Remarkably, in less than 6 months, Hardinge has apparently met this challenge, taking the first Hardinge-built Series I to WESTEC in March 2003. In doing so, the company has not only kept the classic Bridgeport alive, but it has also made a strong statement about machine tool building in the United States. The company has contradicted all predictions that only low-wage sources overseas could build and market such machines economically. By early April, regular shipments of the Series I standard machine with power feeds on the X or XY axis were underway from Hardinge’s Elmira manufacturing facility. Production of the CNC EZPLUS machine was scheduled to commence shortly thereafter. The company has met its goal of being able to maintain the present pricing for these machines and says the quality and reliability standards also have been maintained or exceeded.
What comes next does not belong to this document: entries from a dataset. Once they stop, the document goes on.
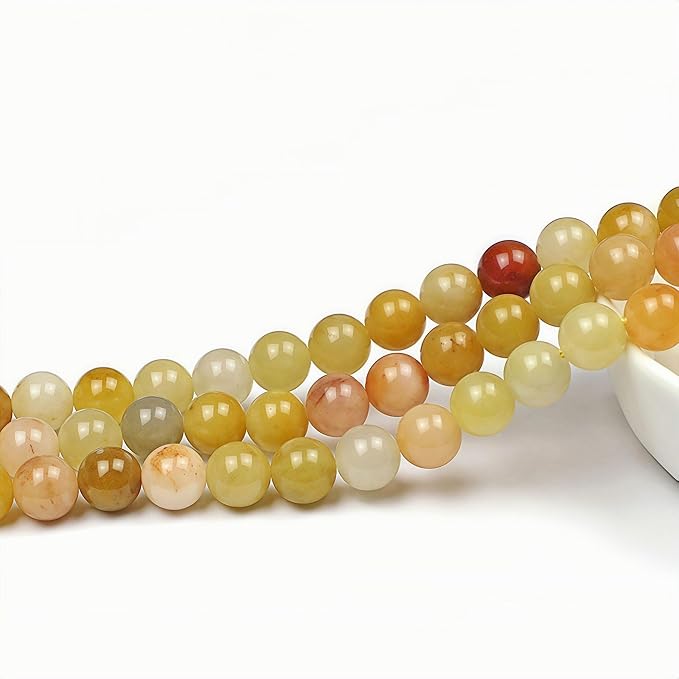 MJDCB Natural Stone Beads 10mm 35pcs Round Mixed Color Yellow Jade Loose Gemstone Bead Charms for Jewelry Making Bracelet Necklace Earring Pendant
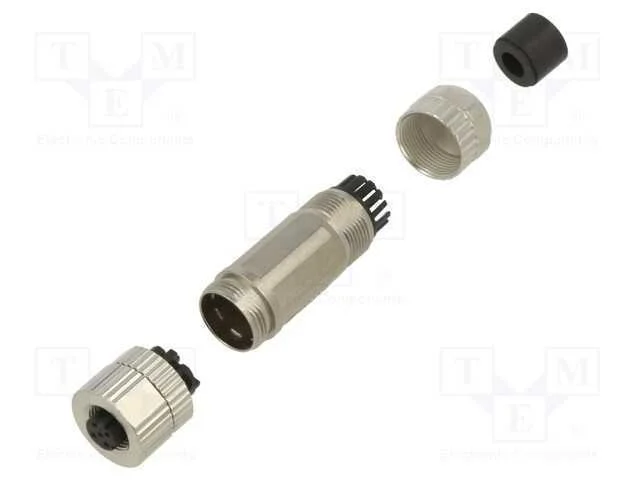 Ficha, M12, Pin: 4, F&ecirc;mea, C&oacute;digo D-Ethernet, com Cabo, Ip65, 250v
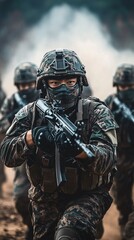 Obraz premium some asian soldiers in full combat gear, performing intense military training exercises in a rugged terrain, wearing camouflage uniforms with tactical vests, helmets, and face paint. 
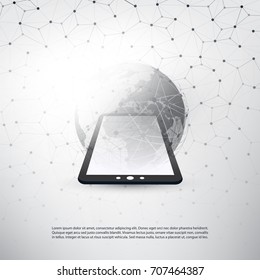 Abstract Cloud Computing and Global Network Connections Concept Design with Tablet PC, Wireless Mobile Device, Transparent Geometric Mesh - Illustration in Editable Vector Format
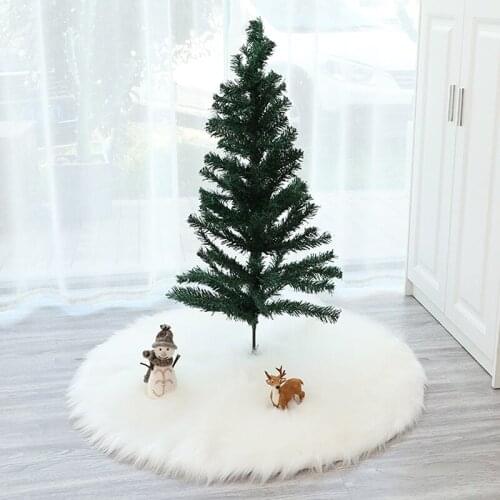 White Christmas Tree Skirt Plush Faux Fur Xmas Tree Carpet Merry Christmas Tree Decorations Ornament New Year Navidad Home Decor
Hardinge’s rapid re-introduction of the Bridgeport milling machine may well become a textbook case history of how the principles of lean manufacturing can be applied. It is also a striking example of effective project management.
The Bridgeport production line in Elmira takes up floor space that is only 10 percent of the size occupied by the previous production line in Connecticut, yet it has 75 percent of the old line’s capacity. On the new line, cycle times have been reduced by 50 to as much as 80 percent. Further contrasts between the old and new lines are summed up in Table 1.
Of course, the company that has learned the most is Hardinge itself. According to Doug Rich, vice president and general manager of U. S. machine operations for Hardinge, techniques learned and refined on the Hardinge/Bridgeport line are being introduced elsewhere in the Elmira facility. “We had already started the transition to lean manufacturing. The Bridgeport line is helping us speed up the transition by giving us an opportunity to validate what we’ve already learned and to apply this knowledge in a startup application,” he says.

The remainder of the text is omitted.